● **Your goal**
Transcribe the listing in full, excluding any pictures.

● **Data to process**

* * * * *

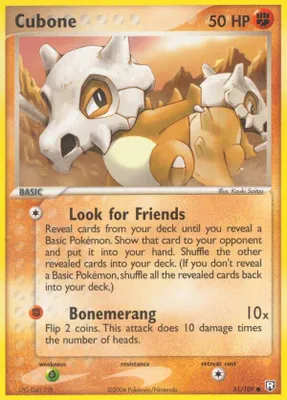 Cubone from EX Team Rocket Returns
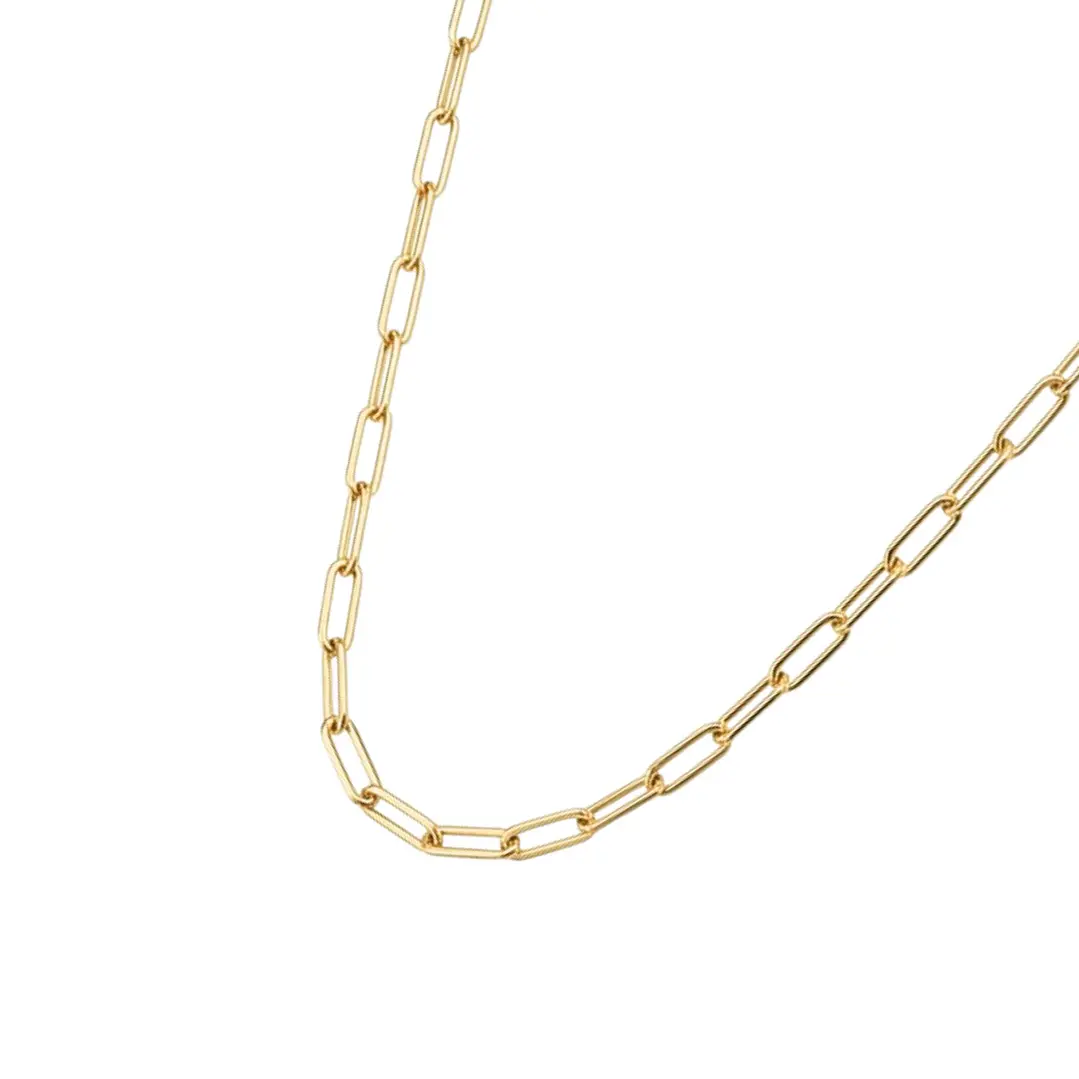 Cadena  Oro Amarillo 18Kt  Eslabón Grande 2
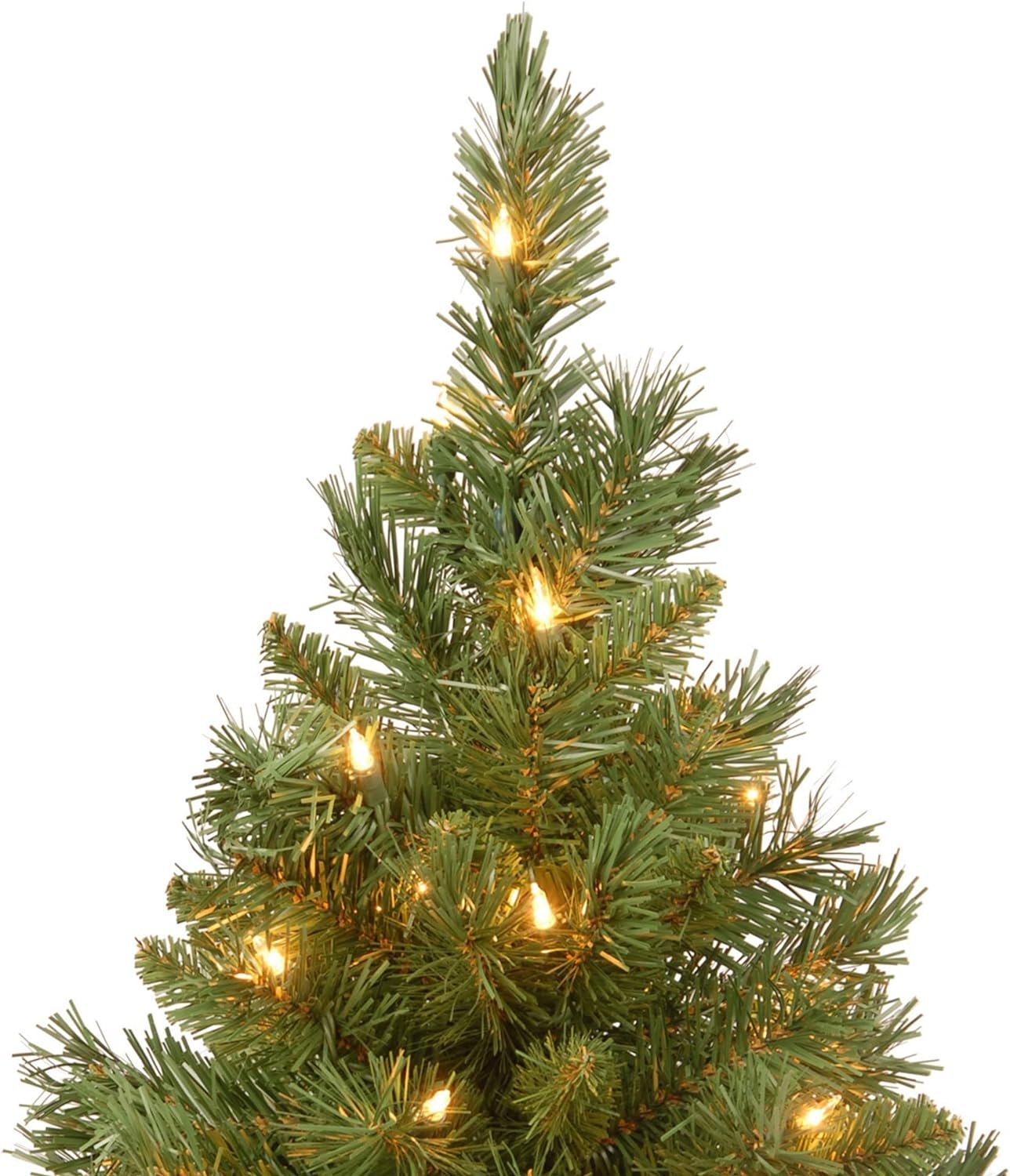 National Tree Company Pre-lit Artificial Mini Christmas Tree | Includes Small Lights and Cloth Bag Base | Majestic Fir - 2 ft - Image 3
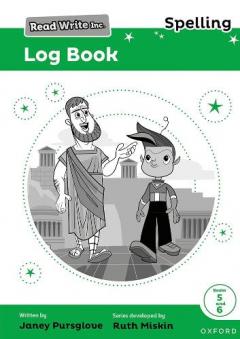Coperta cărții Read Write Inc. Spelling: Log Book 5-6 Pack of 5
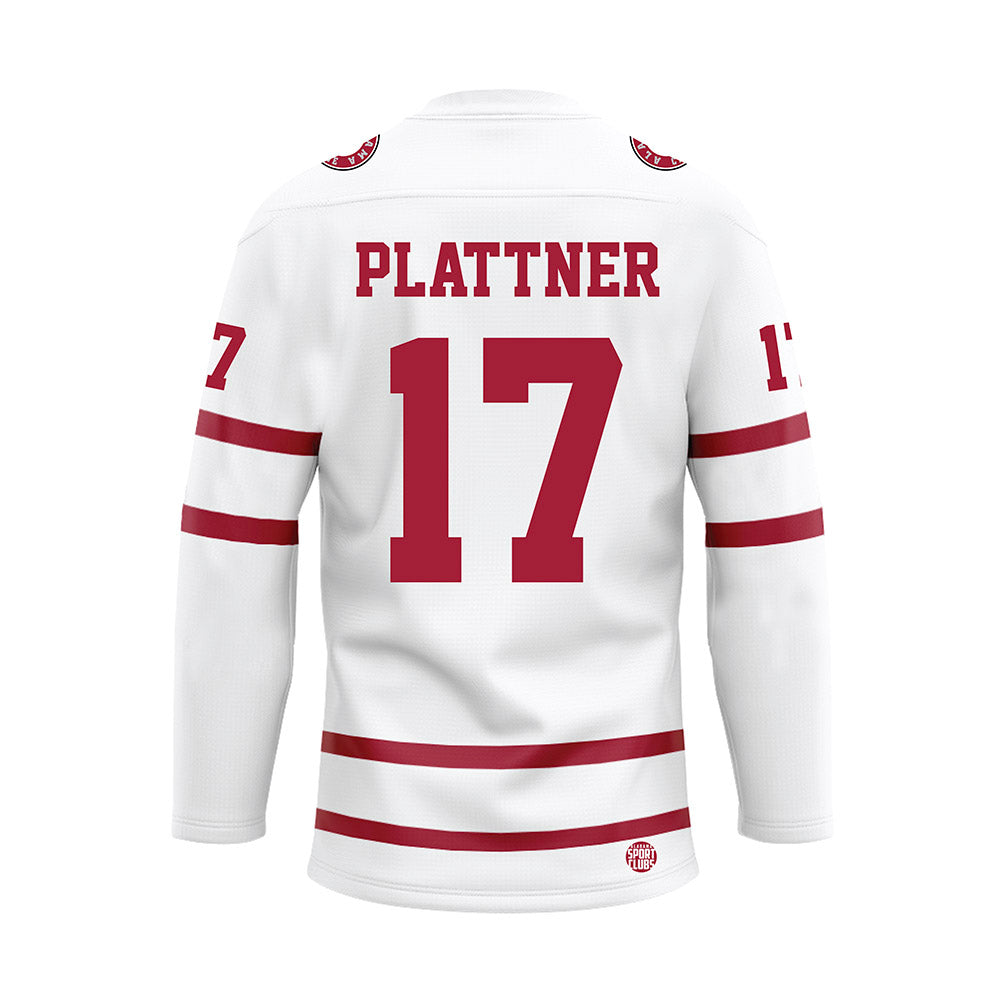 Alabama - NCAA Baseball : Will Plattner - White Hockey Jersey-1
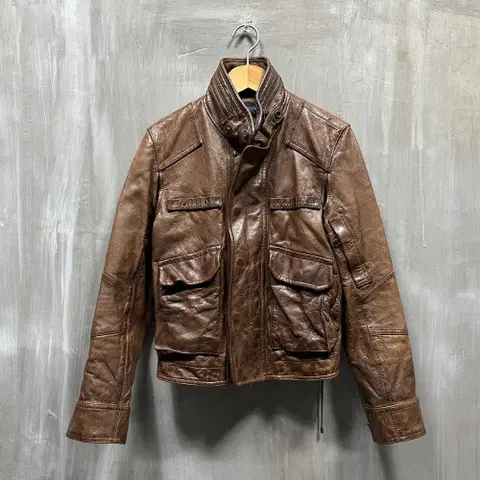 폴로랄프로렌 레더 라이더자켓/여성(S)/JP1434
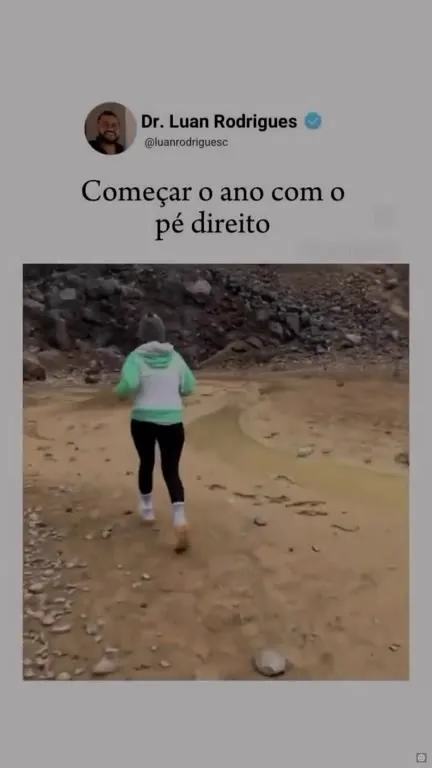 Começar o ano com o pé direito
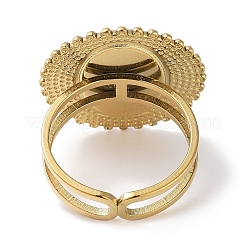 Ионное покрытие (IP) кольцо из нержавеющей стали 304 RJEW-B059-03G-05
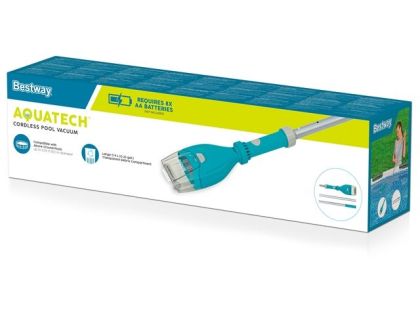Bestway Bazénový bateriový tyčový vysavač AquaTech™ 150 cm do Ø 305 cm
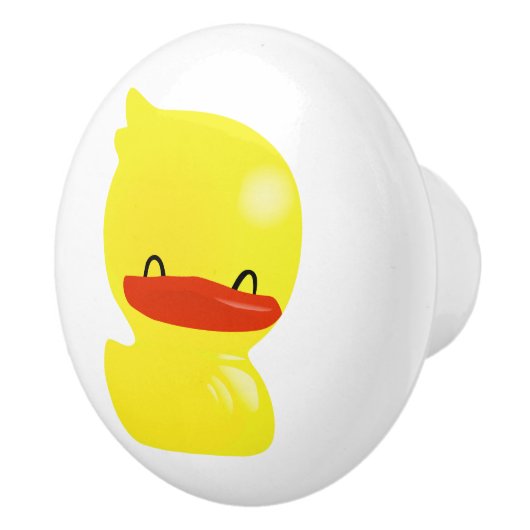 Super Cute Ducky White Ceramic Knob. Keramische Knop (Rechts)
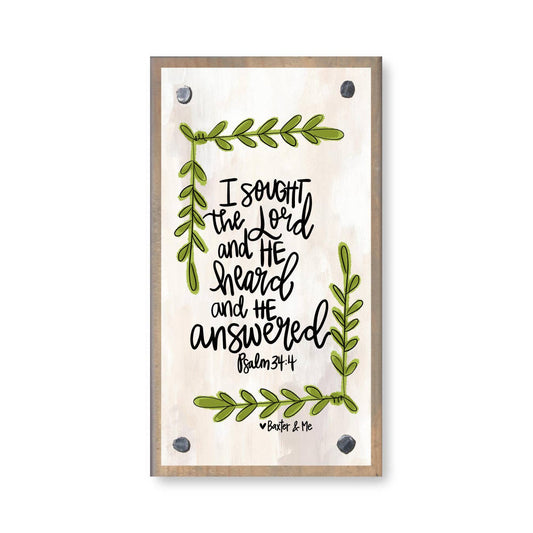 Sought the Lord Driftwood Happy Block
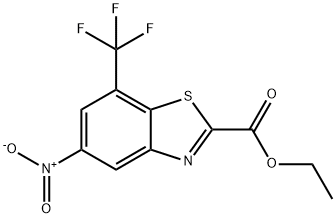 Ethyl 5-nitro-7-(trifluoromethyl)benzo[d]thiazole-2-carboxylate Struktur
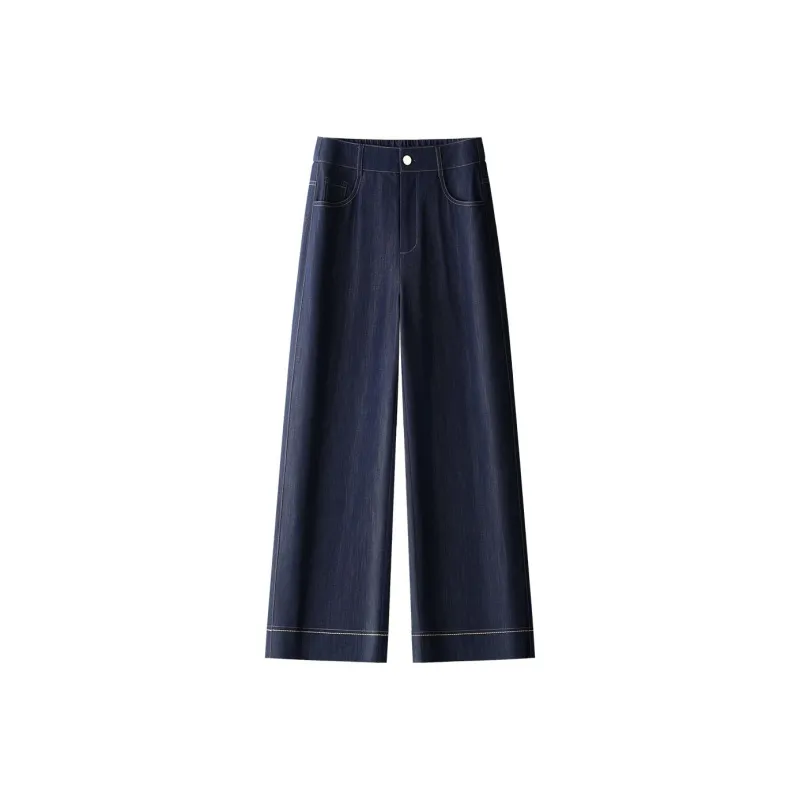 LUYOUYE Jeans Women's Dark Blue-0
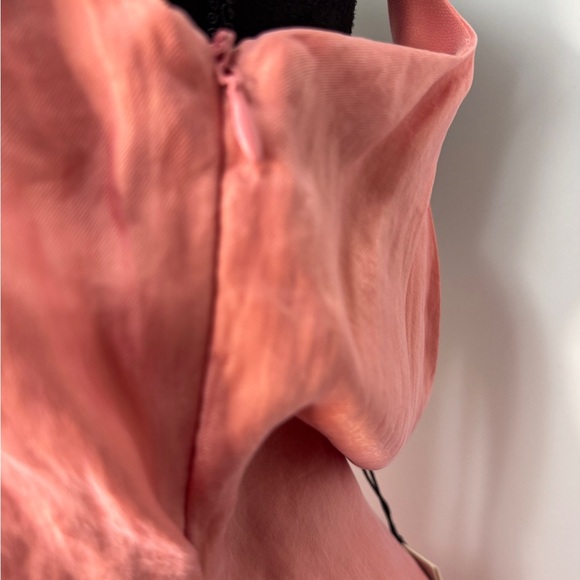 Zara V-Neck Mini Dress Pink - Picture 8 of 12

* * * * *

● **Exercise answer**
 Cubone from EX Team Rocket Returns
 Cadena  Oro Amarillo 18Kt  Eslabón Grande 2
 National Tree Company Pre-lit Artificial Mini Christmas Tree | Includes Small Lights and Cloth Bag Base | Majestic Fir - 2 ft - Image 3
Coperta cărții Read Write Inc. Spelling: Log Book 5-6 Pack of 5
 Alabama - NCAA Baseball : Will Plattner - White Hockey Jersey-1
 폴로랄프로렌 레더 라이더자켓/여성(S)/JP1434
 Começar o ano com o pé direito
 Ионное покрытие (IP) кольцо из нержавеющей стали 304 RJEW-B059-03G-05
Bestway Bazénový bateriový tyčový vysavač AquaTech™ 150 cm do Ø 305 cm
 Super Cute Ducky White Ceramic Knob. Keramische Knop (Rechts)
 Sought the Lord Driftwood Happy Block
 Ethyl 5-nitro-7-(trifluoromethyl)benzo[d]thiazole-2-carboxylate Struktur
 LUYOUYE Jeans Women's Dark Blue-0
 Zara V-Neck Mini Dress Pink - Picture 8 of 12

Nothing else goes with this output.